How the term Nootka arose.
Nootka? That's a new word thought of when the explorers tried to explore muwacath, Friendly Cove. We say they explored North America or Vancouver Island. But they didn't. They were led into a shelter, these ships.
West Coast Bndry
They got stuck. They were anchored out in the open Pacific and a bunch of Indian people took off with a whaling canoe, maybe a dozen men, and they directed these ships that couldn't get in,
'cause they didn't know, they were told to come around that point nutksia-nutksia-nutksia where the lighthouses stand today. And maybe the mamalni (white man) standing at the railing of the ship thought, "Ah, that must be Nootka, Nootka," although what they were told was to come around that point and get into the harbour. So that's when that word Nootka came in. And I don't agree with that word, because, you know, it's not right. And we're called Nootkans from Port Renfrew to Kyuquot.

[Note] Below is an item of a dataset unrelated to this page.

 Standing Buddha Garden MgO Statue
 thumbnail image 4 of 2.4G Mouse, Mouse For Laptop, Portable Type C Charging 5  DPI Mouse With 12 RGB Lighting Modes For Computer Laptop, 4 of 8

As told by Peter Webster in "nu-tka- Captain Cook and The Spanish Explorers on the Coast", edited by Barbara S. Efrat and W. J. Langois,
Volume VII, No. I, 1978, p. 55.
For the last two centuries, the many tribes on the west coast of Vancouver Island have been collectively known as the Nootka. This name imposed upon the First Nations people though a misunderstanding of Captain James Cook has been perpetuated by historians but has always been resented by the people themselves. These people refer to themselves as the West Coast people.